L’urbanisme de l’ensemble HLM
Les immeubles de la Croix-Saint-Romain et le lotissement Les Érables se trouvent à 700 mètres au nord-est du centre de Sainte-Sigolène. Ce secteur constitue de nos jours une partie des faubourgs de la ville (fig. 2). Mais, au milieu des années 1950 et au début des années 1960, lors du choix des sites d’implantation des immeubles et du lotissement, il était encore peu urbanisé (fig. 1). Il comportait essentiellement des champs cultivés et des pâturages. Une trentaine de maisons s’élevaient cependant au bord de la route de Monistrol.
Le bien-fonds des immeubles possède une forme grossièrement rectangulaire orientée nord-ouest/sud-est. Il mesure 164 mètres de longueur et 68 mètres de largeur (dimensions maximales). En légère pente vers l’ouest et le sud-ouest, il couvre 9 659 m2. Il est desservi au sud par la route de Monistrol. Ces caractéristiques favorables ont été décisives dans la sélection du site par les commanditaires. Elles ont aussi déterminé le projet urbain : les deux immeubles sont implantés nord-ouest/sud-est, c’est-à-dire perpendiculairement à la pente et parallèlement aux longs côtés des limites du terrain. Ils sont décalés l’un par rapport à l’autre (fig. 5 à 7), le « Groupe 1 » sur le tiers sud de la parcelle, le « Groupe 2 » sur les deux tiers nord. Les longues façades antérieures (orientales) et postérieures (occidentales) bénéficient ainsi d’un bon ensoleillement. Par ailleurs, les logements possèdent des vues dégagées.

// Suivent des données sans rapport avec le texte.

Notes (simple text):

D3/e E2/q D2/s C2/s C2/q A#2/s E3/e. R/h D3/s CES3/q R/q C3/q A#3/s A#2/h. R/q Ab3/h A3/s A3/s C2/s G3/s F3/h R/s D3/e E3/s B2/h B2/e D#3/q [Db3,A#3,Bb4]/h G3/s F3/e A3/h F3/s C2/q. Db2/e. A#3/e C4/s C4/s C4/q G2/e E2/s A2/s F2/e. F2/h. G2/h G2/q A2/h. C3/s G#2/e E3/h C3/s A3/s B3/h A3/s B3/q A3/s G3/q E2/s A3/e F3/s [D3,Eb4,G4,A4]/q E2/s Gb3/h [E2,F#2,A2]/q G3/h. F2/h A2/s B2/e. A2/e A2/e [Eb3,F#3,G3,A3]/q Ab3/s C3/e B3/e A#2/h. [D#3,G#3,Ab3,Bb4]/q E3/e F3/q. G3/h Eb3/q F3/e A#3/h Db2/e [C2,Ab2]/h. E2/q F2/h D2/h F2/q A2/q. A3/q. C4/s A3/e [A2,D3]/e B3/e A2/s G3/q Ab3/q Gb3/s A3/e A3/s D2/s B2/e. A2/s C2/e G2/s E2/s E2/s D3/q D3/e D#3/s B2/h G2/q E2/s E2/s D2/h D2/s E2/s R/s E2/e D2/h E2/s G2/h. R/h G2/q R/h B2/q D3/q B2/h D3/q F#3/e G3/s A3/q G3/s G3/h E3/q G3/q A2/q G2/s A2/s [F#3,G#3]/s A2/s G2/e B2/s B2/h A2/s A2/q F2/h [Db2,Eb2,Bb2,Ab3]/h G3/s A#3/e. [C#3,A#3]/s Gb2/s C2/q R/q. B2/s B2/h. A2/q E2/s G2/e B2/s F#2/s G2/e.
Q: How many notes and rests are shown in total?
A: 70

Enfin, puisque la surface bâtie est faible, de grands espaces verts entourent les bâtiments (fig. 8 et 9).
Deux impasses rectilignes donnent accès aux immeubles. Elles naissent route de Monistrol et longent les façades orientales où se trouvent les portes d’entrée principales. Elles desservent également des parkings situés à l’est des bâtiments. Le terrain du groupe HLM constitue donc un cul-de-sac (sauf à emprunter un sentier qui conduit au nord vers des jardins potagers). Aucun cheminement direct ne le relie au lotissement voisin (fig. 6 et 10). Pour aller de l’un à l’autre, il faut passer par la route de Monistrol.
L’urbanisme du lotissement
Le plan d’urbanisme du lotissement s’avère plus complexe que celui de l’ensemble HLM. Surtout, il s’est inscrit dans un projet plus vaste de développement de l’agglomération.
Le bien-fonds du lotissement s’étend immédiatement au nord-est de celui du groupe HLM. De forme trapézoïdale, long de 265 mètres et large de 107 mètres (dimensions maximales), il couvre une surface de 20 900 m2. Le relief le place en position dominante par rapport aux immeubles.
Les maisons du lotissement sont desservies par une rue en boucle nommée « Lotissement Les Érables » (fig. 2). Cette rue est globalement orientée nord-sud et nord-ouest/sud-est. Elle débouche au sud sur la route de Monistrol. Au nord, elle est reliée à la route du Peycher. Cette dernière figure sur le plan dessiné en 1963 par Étienne Grand avec la légende « route projetée » (fig. 3). Effectivement, la section orientale de cette route (entre le lotissement et la route de Peyrelas) a été aménagée en même temps que la rue du lotissement. Sa section nord-ouest est plus récente : elle a été créée vers 1968-1970, conjointement au percement de la rue du Beau Site et de la déviation de la route départementale 44. Ces nouvelles voies (route du Peycher, rue du Beau Site et déviation de la RD 44) ont permis l’extension des faubourgs de Sainte-Sigolène vers le nord et le nord-ouest.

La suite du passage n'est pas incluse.